Das Duell: Wer Veränderungen für dieses Land will, der war hier falsch!

Foto: Robin Patzwaldt

In diesem Land ist aktuell vieles verbesserungswürdig. Es gibt zahlreiche Probleme, auf ganz unterschiedlichen Ebenen. Angefangen beim Arbeitsmarkt bis hin zur Flüchtlingspolitik. Eigentlich eine durchaus gute Grundlage für einen Herausforderer um die Kanzlerschaft. Sollte man zumindest meinen.

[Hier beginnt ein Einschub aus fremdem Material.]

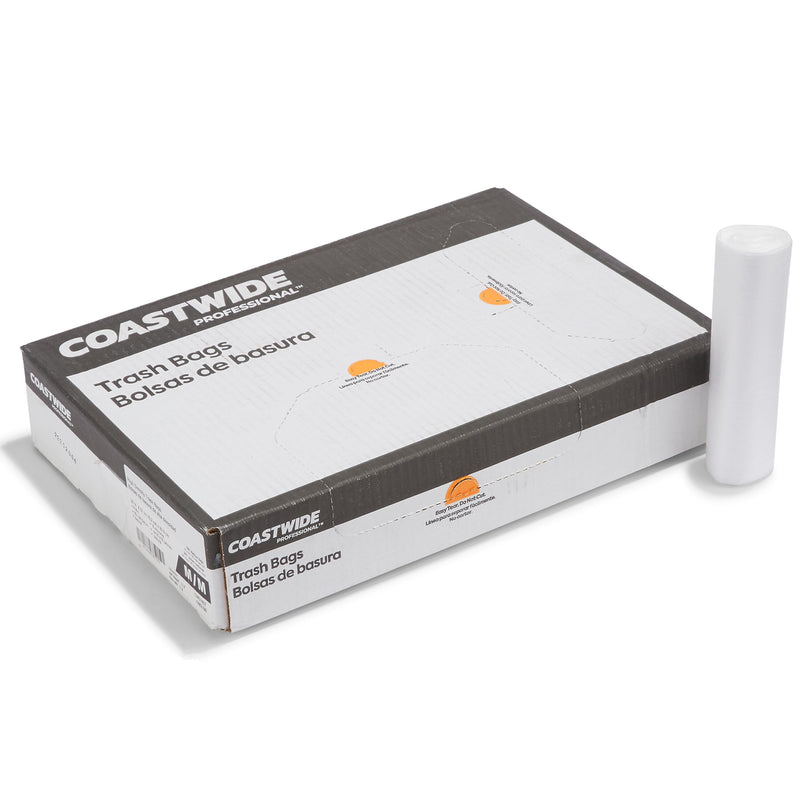 Coastwide Professional 30 Gallon Trash Bags, 30" x 37", High Density, 8 Mic, Natural, 500/Carton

Doch Martin Schulz vermochte die Situation im TV-Duell nicht ansatzweise für sich zu nutzen. Zu viel Einvernehmen mit der Amtsinhaberin, zu wenig eigene Aktionen, zu wenig Aggressivität und Angriffslust.

Und wie bei einem Titelkampf im Boxen kann der Herausforderer den Titelträger eben nicht entthronen, wenn er sich nicht klar und deutlich von diesem positiv absetzt.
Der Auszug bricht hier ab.